Services procurement and management software developer Elance Monday announced the availability of the latest version of its supply control tool for the corporation.

Called SPM version 4, the package is designed in order to deliver greater controls and efficiencies over its previous edition, like a built-in change-order process for suppliers.

Although the biggest suppliers need to get their materials from somewhere, the need to control and improve the procurement process is the same for everyone. GE and Motorola are two such companies, and the first two to announce their use of SPM 4 in their businesses. Motorola will use the software in its IT consulting and software licensing divisions, while GE will incorporate the software throughout several areas of the company.

Diana Jovin, Elance vice president of enterprise solutions marketing and business development, said the need for less hands-on involvement at the top levels are a reason for businesses picking up the software.

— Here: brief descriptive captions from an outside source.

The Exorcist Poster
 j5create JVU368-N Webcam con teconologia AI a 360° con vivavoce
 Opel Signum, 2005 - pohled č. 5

"One of the things that we've seen over the last year is a trend away from companies managing services from a single-service commodity perspective," she said. "They'd rather keep that holistically so that they can centrally manage those services and embed it the practices out in the organization."

SPM provides a variety of efficiencies in the organization, including reducing cycle times and automating reconciliation. The software also lets companies incorporate its best policies into the program and forecast future or current needs.

New to the latest version of its SPM, Elance has included bill of services support for complex contracts, the ability to configure customized categories for company-specific functions and services lifecycle collaboration, which allows for interaction throughout the supply lifecycle.

"What we commonly hear from companies is that while they have good control over their internal resources, when it comes to interacting with preferred vendors they are really looking to have greater visibility and control over their spending patterns."

According to Forrester Research, a company typically spends 30 percent of its yearly budget on services. Elance predicts it can shave 10-20 percent off that figure with the inclusion of their software in the corporation. The software does it by: reducing invoice errors, making early payment discount deadlines, compliance to preferred suppliers and compliance to negotiated MSA rates.

Another key feature of the Java-based software is its compatibility to popular enterprise software applications such as Ariba, Oracle and PeopleSoft.

Cost of the SPM4 software depends on the type of license companies sign up for: a three-year license will run $3-5 million (for the license and servicing) while a perpetual license will change the pricing to the size of the deployment within the organization. Integration, officials say, takes between seven and 16 weeks.